Les nécrophages

L’actualité judiciaire ne chôme guère ces temps-ci. Après l’incarcération d’un ancien président de la république, qualifiée par une infime partie de la population comme un déni de justice, qui en a fait le prétexte pour dénoncer l’application de la loi selon que l’on soit puissant ou misérable, et justifier après coup une justice d’exception, s’est ouvert un nouveau procès à sensation, celui de la meurtrière de Lola, 12 ans. Elle reconnait avoir violé, torturé et tué la fillette avant de tenter de faire disparaître son corps dans une malle. Ce crime est particulièrement sordide, et, comme si cela ne suffisait pas, il a fait l’objet d’une tentative de récupération et d’instrumentalisation de la part de groupuscules d’extrême droite.

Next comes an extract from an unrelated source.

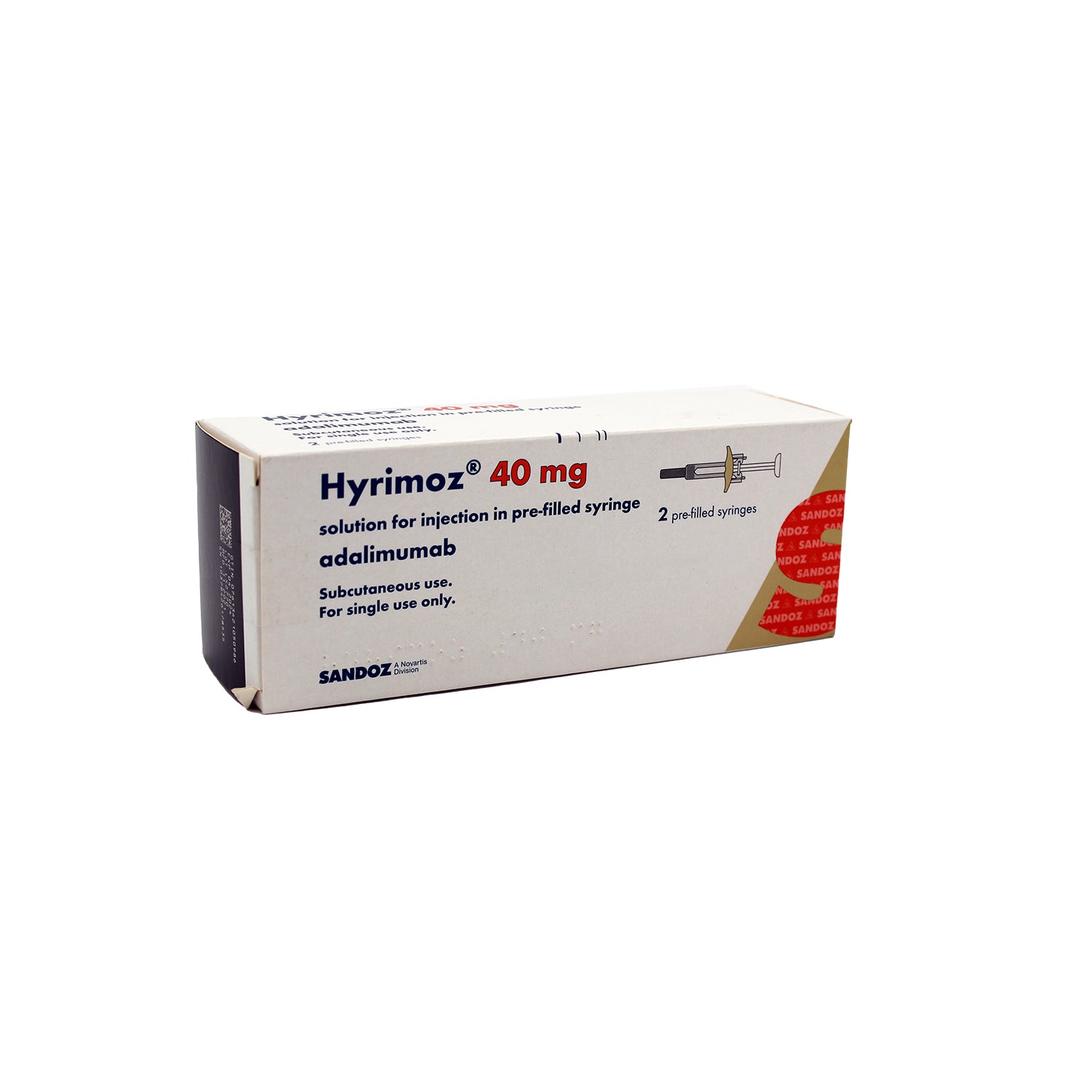 هيريموز 40 ملغ، محقنتان معبأتان مسبقًا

En effet, la meurtrière présumée de Lola est une femme de nationalité algérienne, qui faisait l’objet d’une OQTF, une obligation de quitter le territoire français. Il n’en faut pas plus au « collectif Némésis » pour dénoncer un crime raciste et qualifier Lola de « victime de l’immigration ». Le raisonnement est aussi simpliste que fallacieux. Si Dahbia B. avait été expulsée, elle n’aurait pas pu commettre ce crime, c’est bien évident, mais la tromperie réside dans le signe d’égalité entre la nationalité étrangère et la criminalité, caractéristique de la droite la plus raciste et réactionnaire dans notre pays. Le collectif Némésis insiste d’ailleurs lourdement sur la nationalité française de la victime, sans qu’aucun lien ne soit établi avec les mobiles éventuels de l’accusée. Non seulement la famille de la victime n’a demandé aucune manifestation de soutien de qui que ce soit, mais elle a explicitement appelé à cesser d’utiliser la mort de Lola à des fins politiques, d’où qu’elles viennent. Ce fameux collectif Némésis, qui se prétend féministe, est surtout connu pour ses positions xénophobes et sa proximité avec Éric Zemmour.

Le choix de ce nom est particulièrement révélateur, puisque l’on sait que Némésis est une déesse de la mythologie grecque personnifiant la vengeance.   En ce sens, elle est totalement antonyme de la notion de justice, qui permet de médiatiser et de mettre à distance les litiges entre les individus par l’intermédiaire d’une institution supposée libre et indépendante. Au lieu de régler les conflits, on les perpétue au travers d’une vendetta interminable dont la rationalité finit par échapper à tous et l’origine se perdre dans la nuit des temps. Cette mouvance, qualifiée parfois d’identitaire, prend des formes diverses et se nourrit d’affaires comme celles de Lola, montées en épingle dans le but de faire peur et exploite des émotions légitimes à des fins de propagande. La fondatrice du groupe en question, Alice Cordier, qui a sévi un temps aux « Grandes Gueules », se revendique comme influenceuse, mais se révèle plutôt influencée, notamment par l’Action française ou des mouvements néonazis. Elle est le symptôme d’une droitisation inquiétante de la société.